In abstract art, lines, shapes, textures, forms, colors or patterns are used in different ways for both aesthetic and symbolic meanings. Mid-century Abstract artists did not depict reality as it was but rather as they conceived it to be. In some cases, they reduced meaning to simple lines and forms. The earliest forms of abstraction had references that could be identified and contained thoughts, ideas, feelings or imagination from the artist. Abstraction is not limited to painting, but is found in sculpture, printmaking and other forms of media and performance.
The term abstraction encompasses art that is not figurative, not objective and non-representational. That means that it typically contains no identifiable figures, objects or representations outside of the lines, shapes and brushstrokes. Also, abstraction as an artistic movement is wide and broad encompassing many different movements and styles that have developed from the late nineteenth century though till today. These movements and styles often overlapped growing into other movements as the artists who pioneered them shifted, evolved, or edited their practices.
Around the turn of the century, previous artistic abstract movements began to develop into what would eventually be high modernism, which contained little to no symbolic reference, or even outside meaning. As the 20th century loomed, abstraction took two distinct courses.
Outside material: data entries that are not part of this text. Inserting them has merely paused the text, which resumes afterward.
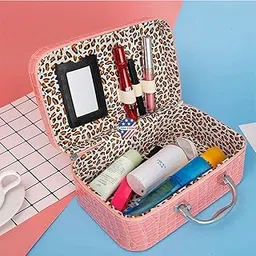 Latest Stylish Makeup Bag Cosmetic Storage Boxes Jewelry Organizer Toiletry Box with Compact Magnifying Mirror for Travel for Women (Pink)-picture-11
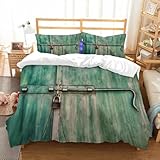 NIOYNJIS Bettwäsche Set 100% Baumwolle ist,Alte geschlossene Metalltür mit Schloss in Nahaufnahme im Retro-Stil,und allem auch für Personen mit Hautsensibilisierung empfohlen 200x228cm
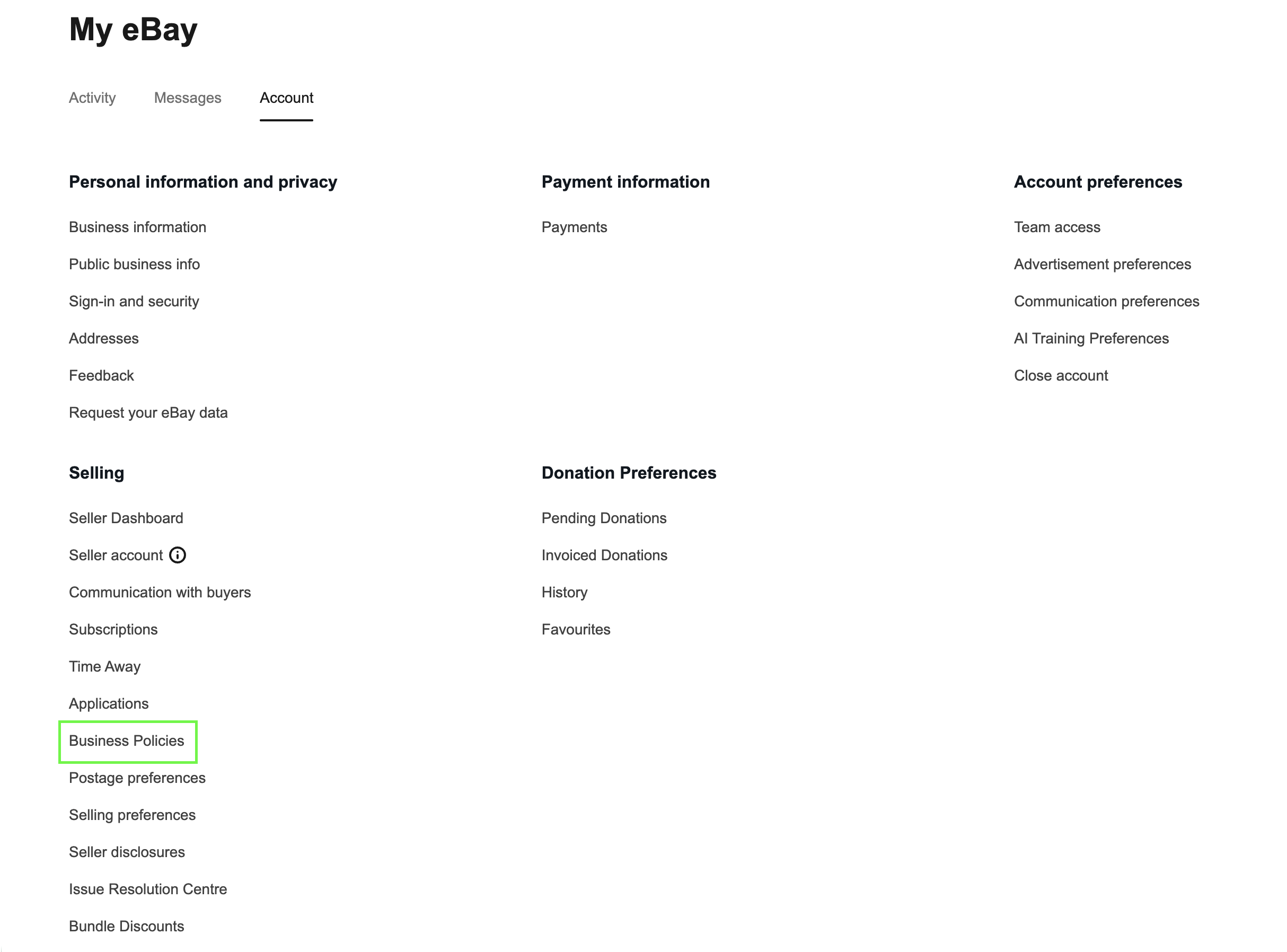 eBay account page Selling section showing the Business Policies link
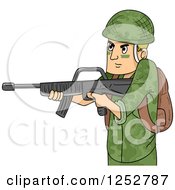 Caucasian Soldier Man Aiming A Machine Gun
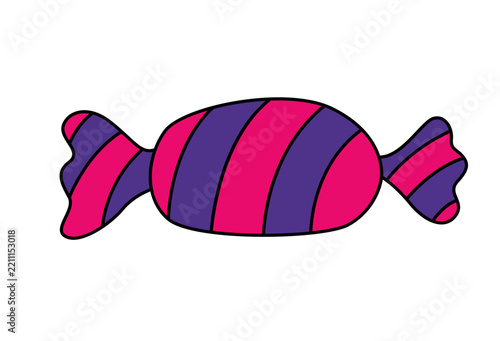 Purple pink candy. Halloween cartoon on a white background. Elements for halloween design. Vector illustration.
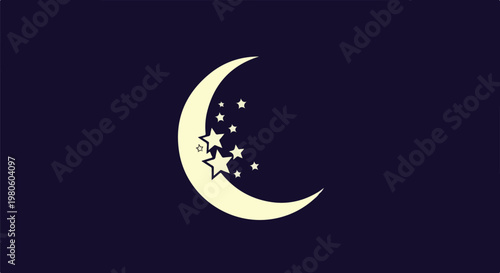 Crescent moon with stars against a dark background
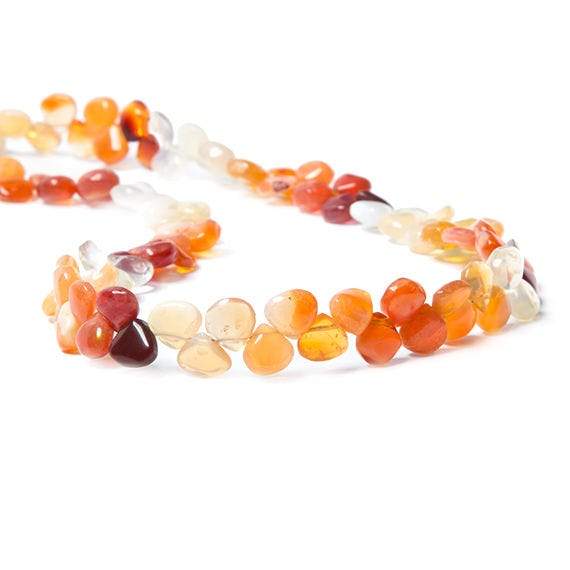 7x7-8x8mm Mexican Fire Opal smooth heart briolette beads 16 inch 101 pieces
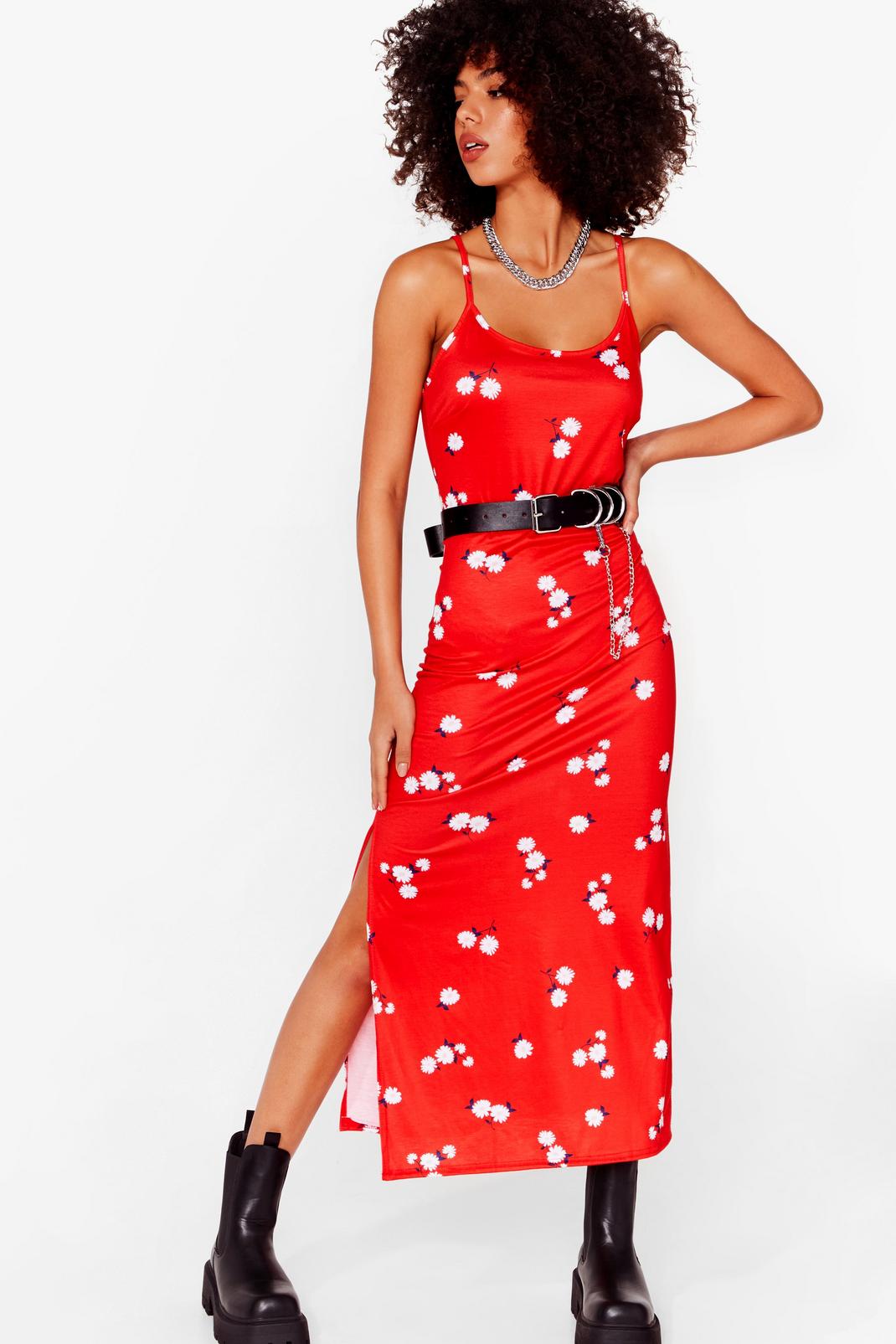 Red Heart Will Grow On Floral Midi Dress image number 1
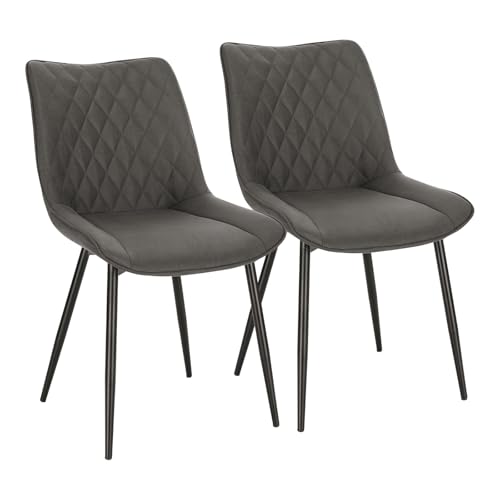 WOLTU Esszimmerstühle 2er Set, Küchenstühle, Wohnzimmerstühle, Polsterstühle mit Rückenlehne, für Esszimmer, Küche, Wohnzimmer, Büro, Sitzfläche aus Stoffbezug, Metallbeine, Dunkelgrau BH248dgr-2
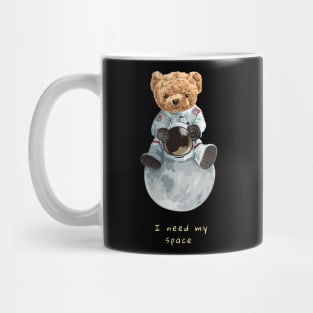 cute bear toy in astronaut costume sitting on the moon illustration Mug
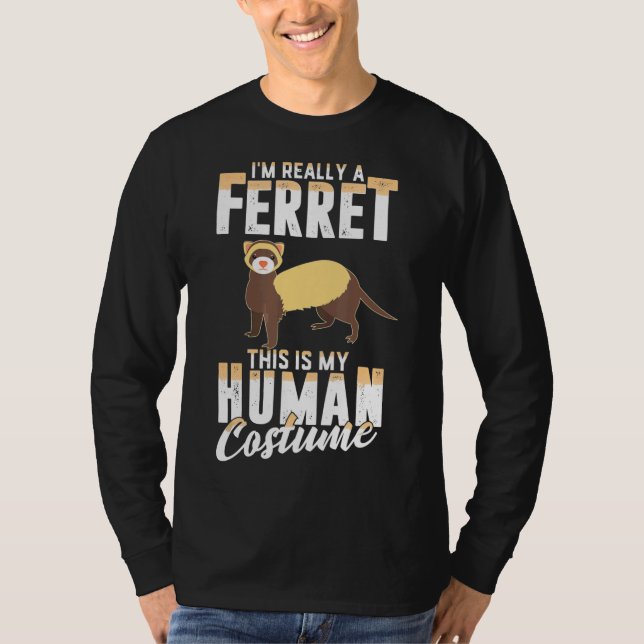 Camiseta Scary Ferret Human Costume Halloween  Women Men (Anverso)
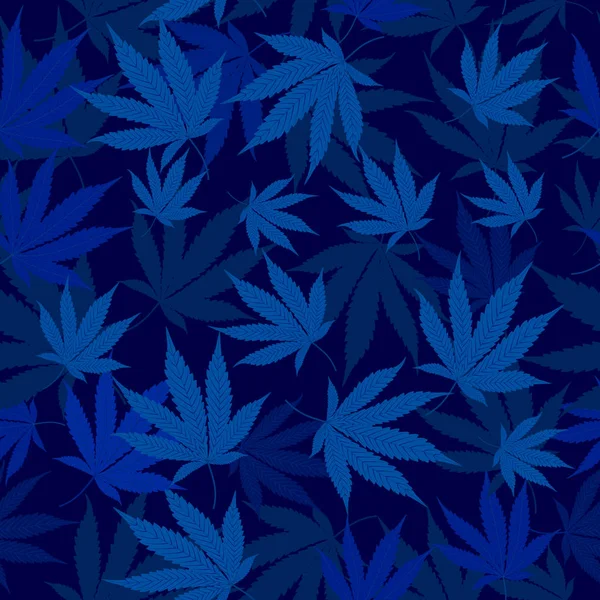 Marihuana medicinal deja patrón sin costura — Vector de stock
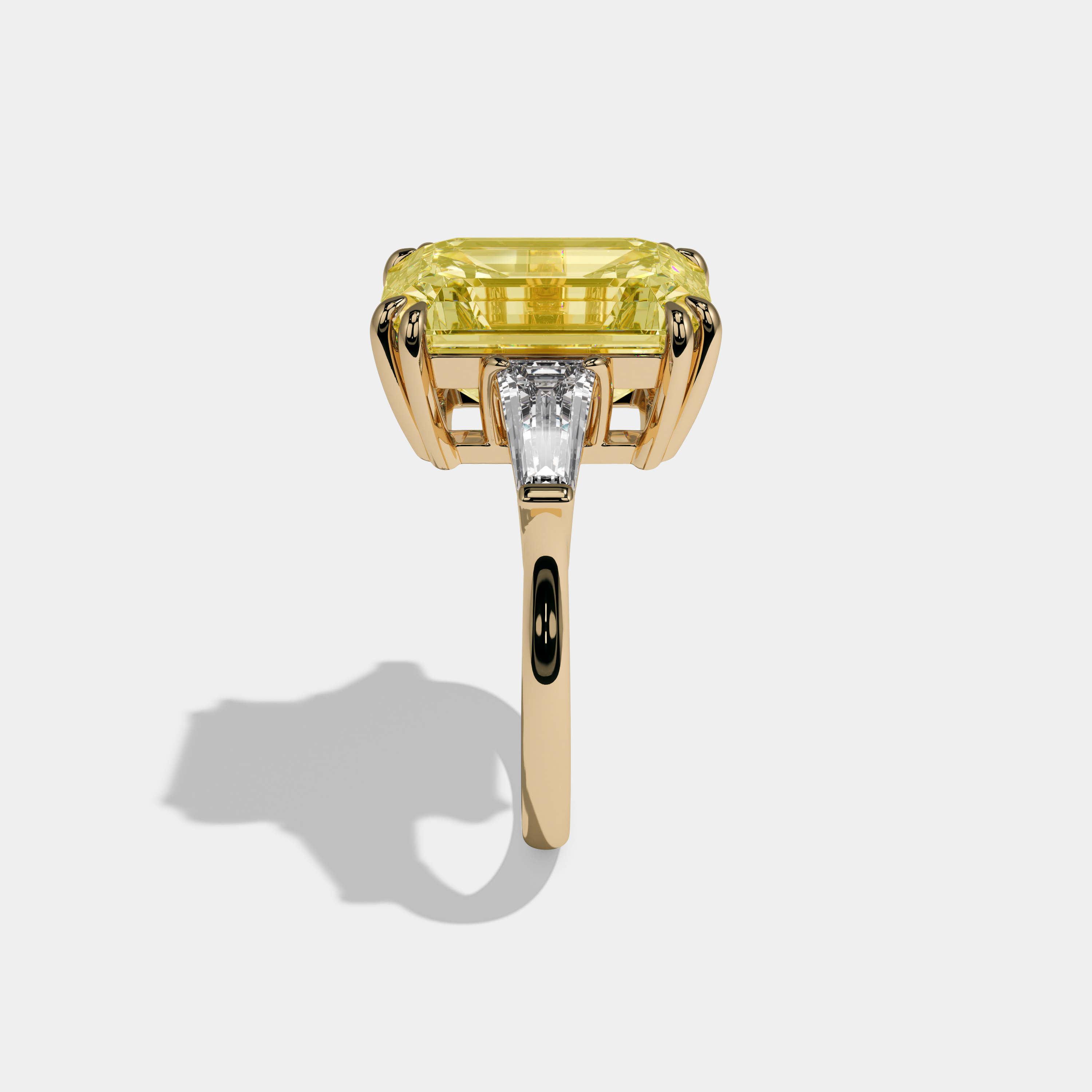 Charlotte Fancy Yellow Emerald Cut Diamond Plain Band With Baguette Cut Sides Engagement Ring 10ct 18K Yellow Gold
Those that sought to represent pure aesthetic forms and those that sought to use abstract forms to represent emotions or expressions.
Eventually, modern abstract art gave way to post-modernism, which reintroduced the figure and symbolic references, as artists and philosophers critiqued the emotionless modernism.
Contemporary art embraces abstract art, figurative art, as well as postmodernist ideas, but has moved away from abstract terminology and towards the notion of conceptual art.
Behind each art is a concept or an idea.